In the United States, the typical pretrial process proceeds from arrest to preliminary arraignment to a mandatory court appearance, when appropriate. During the preliminary arraignment, a judge or magistrate chooses whether to release or detain the suspect, a decision intended to account for the likelihood that the person will return to court or commit new crimes. This is especially important in domestic violence, which is often a serial offense and directed at a particular individual.
Arraignments are usually brief, with outcome projections made based on limited data. However, Richard Berk, a professor of criminology, and a professor of statistics at the Wharton School, and Susan B. Sorenson, a professor of social policy in the School of Social Policy and Practice, found that using machine-learning forecasts at these proceedings can dramatically reduce subsequent domestic violence arrests.
“A large number of criminal justice decisions by law require projections of the risk to society. These threats are called ‘future dangerousness,’” Berk says. “Many decisions, like arraignments, are kind of seat-of-the-pants. The question is whether we can do better than that, and the answer is yes we can. It’s a very low bar.”
For domestic violence crimes between intimate partners, parents and children, or even siblings, there’s typically a threat to one particular person, says Sorenson, who directs Penn’s Evelyn Jacobs Ortner Center on Family Violence.
“It’s not a general public safety issue,” she says. “With a domestic violence charge, let’s say a guy—and it usually is a guy—is arrested for this and is awaiting trial. He’s not going to go assault some random woman. The risk is for a re-assault of the same victim.”
To understand how machine learning could help in domestic violence cases, Berk and Sorenson obtained data from more than 28,000 domestic violence arraignments between January 2007 and October 2011. They also looked at a two-year follow-up period after release that ended in October 2013.

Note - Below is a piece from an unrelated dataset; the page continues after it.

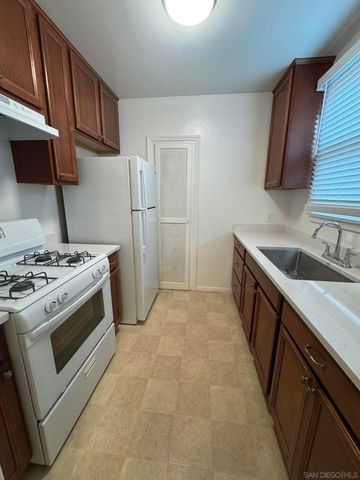 4454 Illinois Street, San Diego, CA 92116
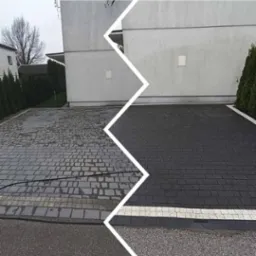 Porównanie kostki brukowej przed i po czyszczeniu: brudna, mokra kostka po lewej, czysta i sucha po prawej, z widocznym wężem do mycia ciśnieniowego.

A computer can “learn” from training data which kinds of individuals are likely to re-offend. For this research, the 35 initial inputs included age, gender, prior warrants and sentences, and even residential location. These data points help the computer understand appropriate associations for projected risk, offering extra information to a court official deciding whether to release an offender.
“In all kinds of settings, having the computer figure this out is better than having us figure it out,” Berk says.
That’s not to say there aren’t obstacles to its use. The number of mistaken predictions can be unacceptably high, and some people object in principle to using data and computers in this manner. To both of these points, the researchers respond that machine learning is simply a tool.
“It doesn’t make the decisions for people by any stretch,” Sorenson says. These choices “might be informed by the wisdom that accrues over years of experience, but it’s also wisdom that has accrued only in that courtroom. Machine learning goes beyond one courtroom to a wider community.”
In some criminal justice settings, use of machine learning is already routine, although different kinds of decisions require different datasets from which the computer must learn. The underlying statistical techniques, however, remain the same.
Berk and Sorenson contend the new system can improve current practices.
“The algorithms are not perfect. They have flaws, but there are increasing data to show that they have fewer flaws than existing ways we make these decisions,” Berk says. “You can criticize them—and you should, because we can always make them better—but, as we say, you can’t let the perfect be the enemy of the good.”
The Penn researchers published their work in the Journal of Empirical Legal Studies.